Apache hanging once or twice a day

apache-2.2

Unfortunately we had to move to using KeepAlive after a series of ddos attacks on our server. I run a web game so pages are generally small and largely text, so having KeepAlive off worked well for many years. Things didn't seem much different (apart from being able to handle the ddos attacks better) after some quick configuration changes and server load stays fairly low at on average about 0.50 with memory usage on about 10% (24GB total).

About once a day however apache just hangs and won't respond for about 15 minutes. Even throughout the day, sometimes pages take 5 seconds to load and I notice in the apache status the only thing on the scoreboard are keepalive (read) requests, no waiting for connection, reading reply, closing connection etc, just about 100+ read requests. Then it sorts itself out. It just seems random when this happens, although it is normally during a busy time of the day neither the server load nor the memory is high nor is apache running out of available request slots.

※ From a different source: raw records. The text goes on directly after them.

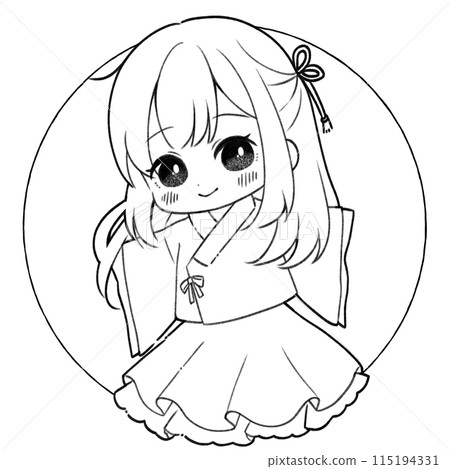 Cute and relaxed girl 2 coloring page 115194331
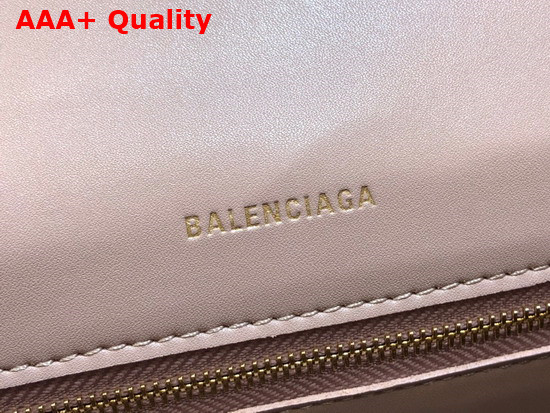 Balenciaga Hourglass Small Top Handbag in Nude Shiny Crocodile Embossed Calfskin Aged Gold B Hardware Replica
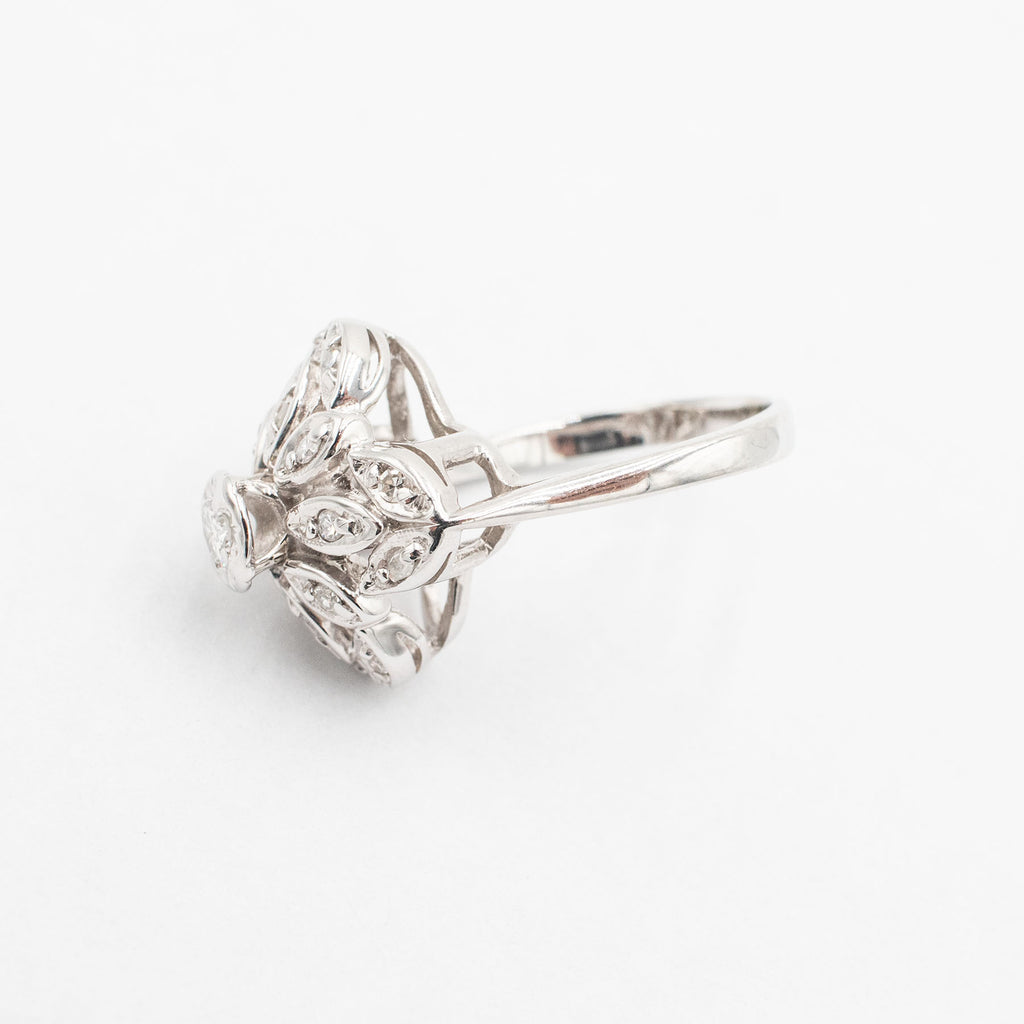 14k White Gold Flower Style Dome Diamond Ring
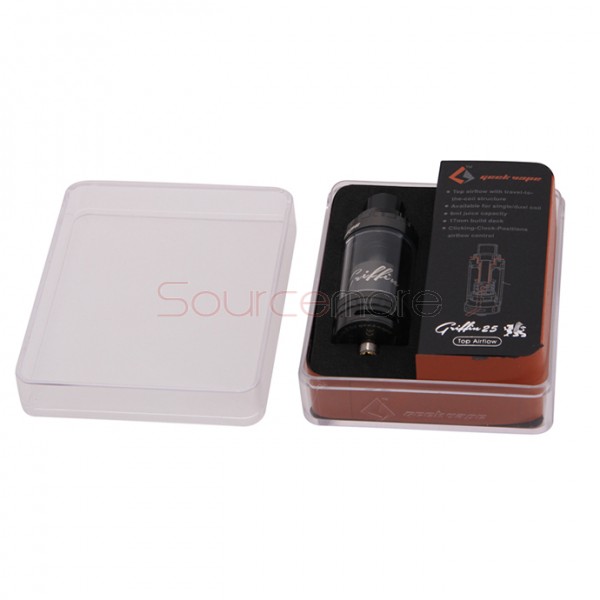 Geekvape Griffin 25 RTA 6ml Top Airflow Version Tank with Travel-to-the-coil Structure-Black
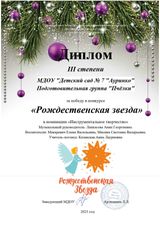 Диплом победителей в городском конкурсе "Рождественская звезда" (январь 2023)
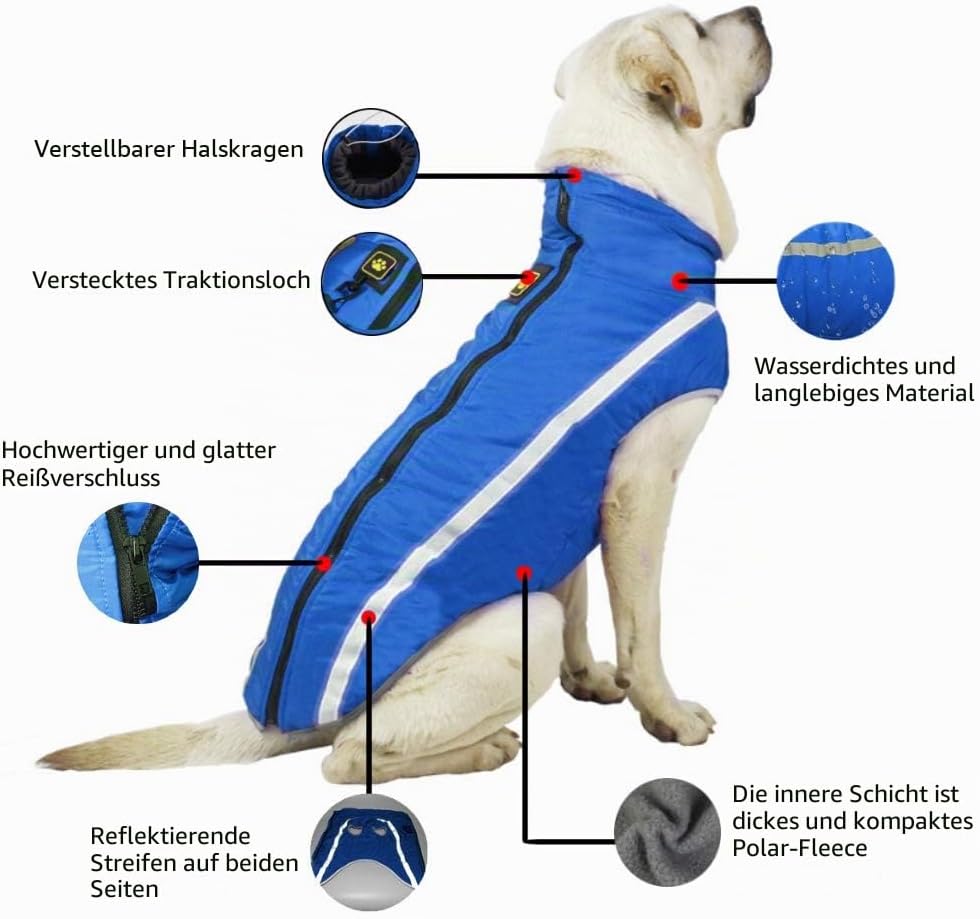 FEimaX Hundemantel Hundejacke wasserdichte Reflektierende Wintermantel mit Fleece Gefüttert Hund Wel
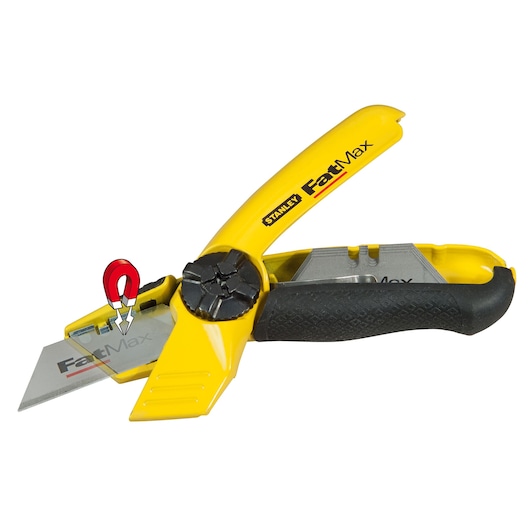 STANLEY 0-10-780 utility knife with yellow and black handle, open position, FatMax branding, white background.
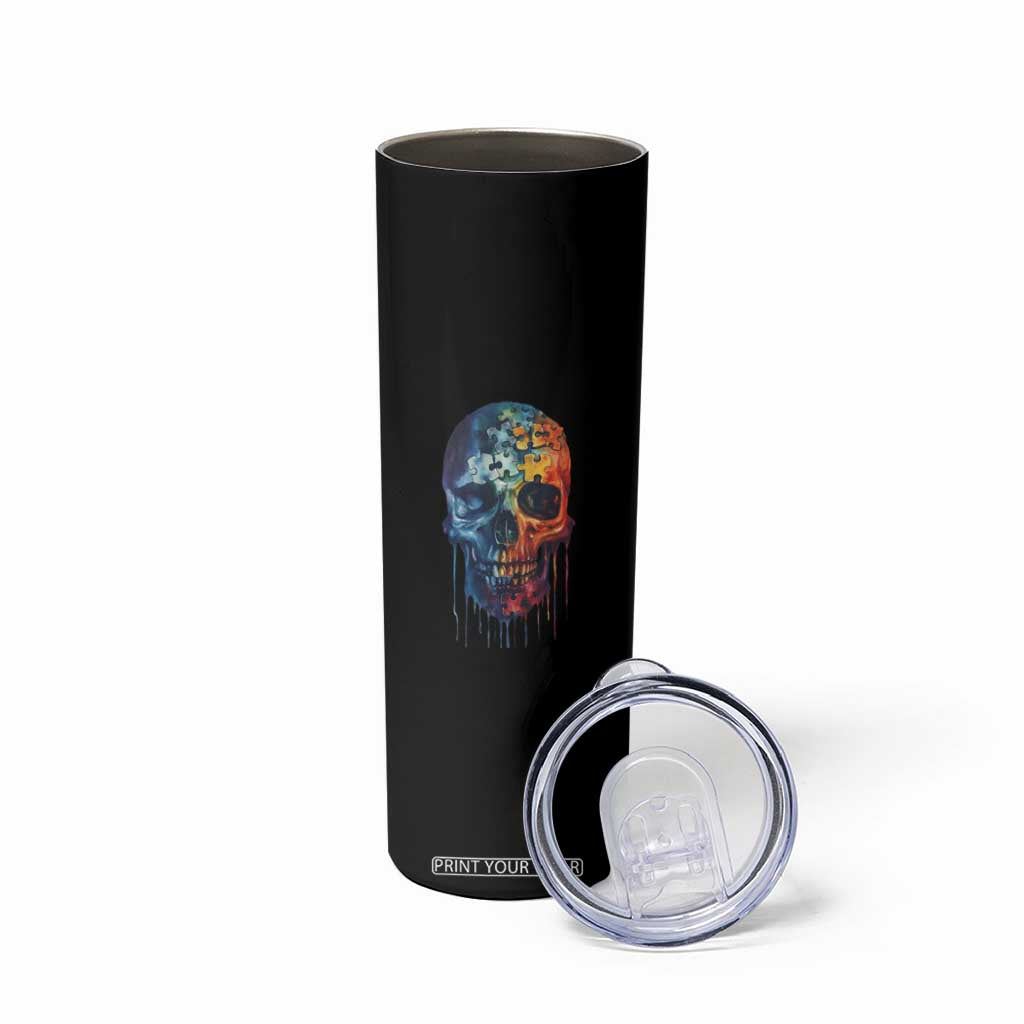 Autism Awareness Cool Puzzle Skull Skinny Tumbler TS09 Print Your Wear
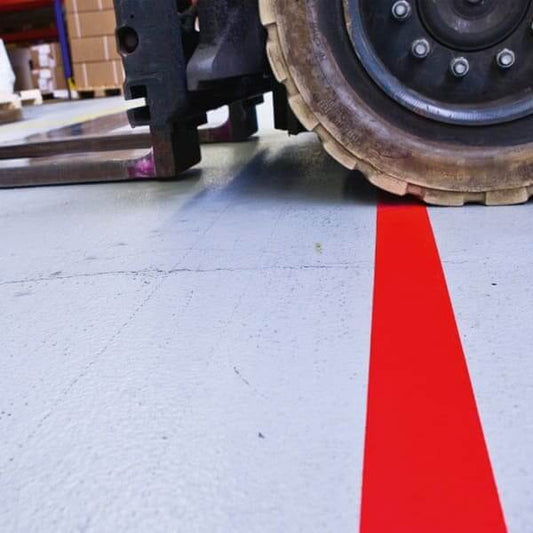 Pro-Line Vinyl Tape For Forklift Traffic - 50mm - Red on Floor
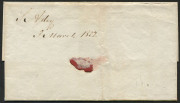 TASMANIA - Postal History : 1832 (Mar.3) outer from Hobart Town to John Leake at Rosedale, with fair strike of the&nbsp;oval "HOBART TOWN/V.D.L" handstamp,&nbsp;signed at lower-left by Stephen Adey, Superintendent of Stock and Farms for Van Diemen's Land Company an - 2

My configuration changes are as follows:

ServerLimit 1024
MaxClients 1024
Timeout 2
KeepAliveTimeout 5
KeepAlive On
MaxKeepAliveRequests 100
MinSpareServers 100
MaxSpareServers 200

I hope someone has some insight into this or can suggest what logs / processes I can check to see why this is happening.

Thanks in advance.

EDIT: Incase this helps…

56 requests/sec - 116.2 kB/second - 2126 B/request
105 requests currently being processed, 154 idle workers

Later in the day I'd expect double that.

EDIT 2: KeepAliveTimeout changed from 5 to 2

EDIT 3: It just happened again. This time I was around to see it. Apache was unresponsive and wasn't taking up any memory. There were 250 connections from 127.0.0.1 and that never happens. After an Apache restart all was fine. Very odd!

Best Answer

A few things you can do or check:

  1. We had a similar issue where Apache 1.3 didn't properly close connections which left them lingering forever and eventually would fill up all the client slots. To get around this we just restart Apache once a day in a cron script. Your issue sounds different as you mention it clears up eventually so daily restarting may not help anything.
  2. I assume you are never reaching the "MaxClients" in concurrent connections?
  3. What is your "KeepAliveTimeout" setting? The default is 15 secs which is large for most sites with 1 or 2 seconds typically working better (especially since your "Timeout" is set to 2 anyways).
  4. Check "netstat -an" for obvious signs of DOS from one client. I've found that often when there are non-obvious site issues it is due to one client hammering the site continually with 20 requests/sec. Check to make sure you are not capping the server's bandwidth (which is easy if you only have a 10 Mbps connection). I use my provider's on-line bandwidth monitoring graphs but there should be command line ways to do this as well (ifconfig might let you). There are various Apache or server level solutions to automatically preventing DOS attacks (whether innocent or not).
  5. Check "top" during the issue and look at the CPU, IO, and memory usage. Make sure you are not swapping memory (which you shouldn't if you are only at 10% memory usage).
  6. Speaking of memory....10% memory usage of even a 24GB RAM server seems low. I have several servers with 1-4GB of RAM and they are all in the 75-90% memory usage (much of that is in the OS cache however). I suppose this would depend on your Apache setup and server usage.
  7. Make sure there are not other dead-locks in your application layer that are causing the issue (like a database). For example, check your Apache "server-status" page and if that loads quickly but your regular site's page loads slowly then the issue is likely not the Apache server.
  8. Check logs in "/var/log", particularly the Apache error logs and the "message" log for relevant messages. If you don't have these, or other application logs enabled, enable them at least temporarily.
  9. Check the system limits of things like the number of open files allowed at a time (ulimit -n). The default settings of many servers/OSes are not necessarily configured for a high-volume server.
  10. If all else fails challenge your assumptions about what the issue could be and double-check items that "can't" fail or that you've already checked.